As the mercury rises and cold-adapted species are forced to move northward, their survival depends on their ability to adapt swiftly to changing environmental conditions. Peter Fields from Franklin & Marshall College, USA, and colleagues Marcus Zuzow and Lars Tomanek from California Polytechnic State University, USA, say, ‘In order to predict which organisms will be affected most by anthropogenic temperature increases, we need to better understand the mechanisms by which temperature affects the physiology of organisms, and specifically to identify the cellular processes that are most sensitive to acute and chronic heat stress.’ Explaining that cold-adapted endemic Mytilus trossulus (Californian) mussels are being gradually displaced from their southernmost Pacific coast territory by their more thermally tolerant – and invasive – cousins, Mytilus galloprovincialis, Fields and his colleagues decided to find out how both species respond at the cellular level to long-term heat stress ().
Immersing mussels at 7, 13 and 19°C for 4 weeks, the team analysed the protein expression patterns in the mussels’ gills to identify differences in the two species’ physiological responses.
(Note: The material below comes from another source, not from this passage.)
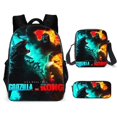thumbnail image 1 of Godzilla VS King Kong 3D Printed School Bags Movie Poster Kids Backpacks Schoolbag For Boys Girls Elementary And Middle School 17inch, 1 of 1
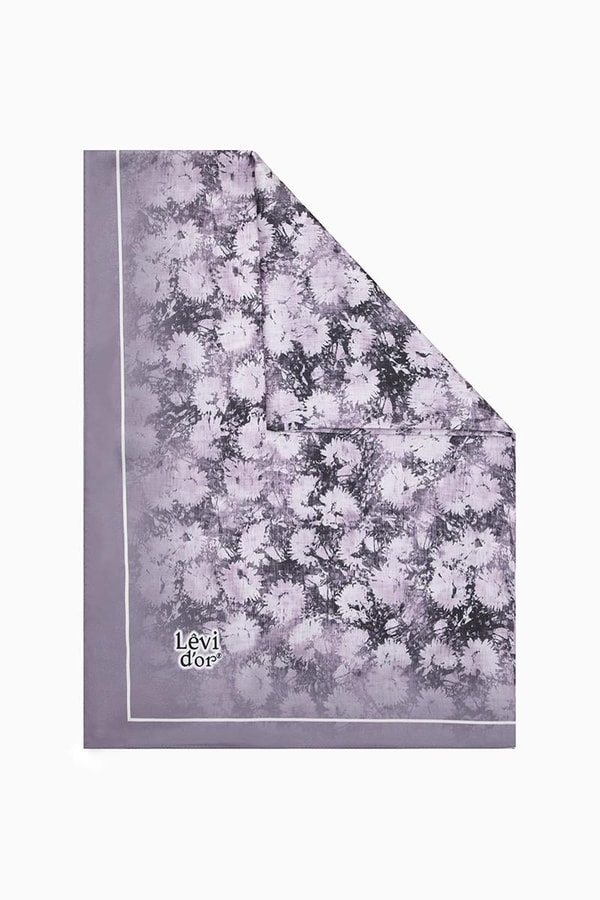 LevidorLevidor Lavanta Twill Şal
They found that both species changed their cytoskeletal composition and energy metabolism protein expression in response to higher temperatures, and showed signs of stress at lower temperatures. However, the Californian mussels showed more signs of stress than their heat-tolerant cousins. The invasive M. galloprovincialis mussels also responded more strongly to cold acclimation than the Californian native, with M. galloprovincialis changing their protein expression patterns at 7 and 13°C while the M. trossulus expression patterns were almost the same at the two temperatures.
Comparing these new data with the results from experiments where the mussels were acutely stressed – simulating the experience of exposed mussels at low tide – the team says, ‘The combination of cold acclimation (or acclimatisation) followed by acute heat exposure could represent a particularly severe level of stress and be a major limiting factor in setting distribution ranges.’